Division with $\displaystyle x^2$ gives

$\displaystyle \frac{21-14x...}{5+x+\frac{x^2}{2!}...}=$ and when$\displaystyle x\rightarrow0$ we get

$\displaystyle \frac{21-0}{5+0+0}=\frac{21}{5}$??
• Jun 16th 2008, 06:37 AM
flyingsquirrel
Hi

That's it. :) By the way notice that the terms $\displaystyle x^3,\,x^4,\ldots$ are useless here :

$\displaystyle \frac{-42\ln(1+x)-42x}{x^2(\exp x+4)}=\frac{-42\left(x-\frac{x^2}{2}+o(x^2)\right)+42x}{x^2(1+o(1)+4)}=\f rac{21x^2+o(x^2)}{5x^2+o(x^2)} \to \frac{21}{5}$ as $\displaystyle x\to 0$
• Jun 16th 2008, 06:38 AM
TKHunny
1) You're missing some ellipses in that horrible 2nd denominator.

2) You physically substituted x = 0 in the last step, even though you divided by x^2 a few steps earlier. This should at least make you feel a little dirty.

3) I'm not particularly fond of the 3rd numerator. All the shown coefficients are integers. Very deceptive.

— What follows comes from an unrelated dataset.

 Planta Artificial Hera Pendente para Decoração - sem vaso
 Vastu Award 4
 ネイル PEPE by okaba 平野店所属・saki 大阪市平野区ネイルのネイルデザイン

4) You seem to have the idea. Good work.

5) Can you think of another way to do it? This is useful for checking things for yourself.
• Jun 16th 2008, 06:41 AM
lynch-mob
thanx
Quote:

Originally Posted by flyingsquirrel
Hi

That's it. :) By the way notice that the terms $\displaystyle x^3,\,x^4,\ldots$ are useless here :

Thanks for your check. When do they become useless. After or before the division with $\displaystyle x^2$
• Jun 16th 2008, 07:46 AM
flyingsquirrel
Quote:

Originally Posted by lynch-mob
Thanks for your check. When do they become useless. After or before the division with $\displaystyle x^2$

Before the division : When you divide by $\displaystyle x^2$ you should see that these "useless" terms tend to 0 so they do not give us any information on the limit, they shouldn't appear at all. To find which terms have to be written, one can simply try several approximations starting from the one which has the lowest order :

Using $\displaystyle \ln x =x+o(x)$ gives $\displaystyle -42\ln (1+x)+42x=o(x)$ which doesn't give us any information on the limit since it is divided by $\displaystyle x^2(\exp x+4)$

Using $\displaystyle \ln x =x-\frac{x^2}{2}+o(x^2)$ gives $\displaystyle -42\ln (1+x)+42x=-\frac{x^2}{2}+o(x^2)$ which is enough to get the limit since one can give an approximation of the denominator with order two.
• Jun 16th 2008, 09:02 AM
Mathstud28
Quote:

Originally Posted by lynch-mob
$\displaystyle \lim_{x\rightarrow0}\frac{-42(ln(1+x))+42x}{x^2(e^x+4)}=$

$\displaystyle \frac{-42[x-\frac{x^2}{2}+\frac{x^3}{3}...]+42x}{x^2[1+x+\frac{x^2}{2!}+\frac{x^3}{3!}+4]}=$

$\displaystyle \frac{[21x^2-14x^3...]}{[5x^2+x^3+\frac{x^4}{2!}...]}$

Division with $\displaystyle x^2$ gives

$\displaystyle \frac{21-14x...}{5+x+\frac{x^2}{2!}...}=$ and when$\displaystyle x\rightarrow0$ we get

$\displaystyle \frac{21-0}{5+0+0}=\frac{21}{5}$??

A slight trick you could have done would be

$\displaystyle e^x+4=e^x-1+5\sim{x+5}$
It could have saved some writing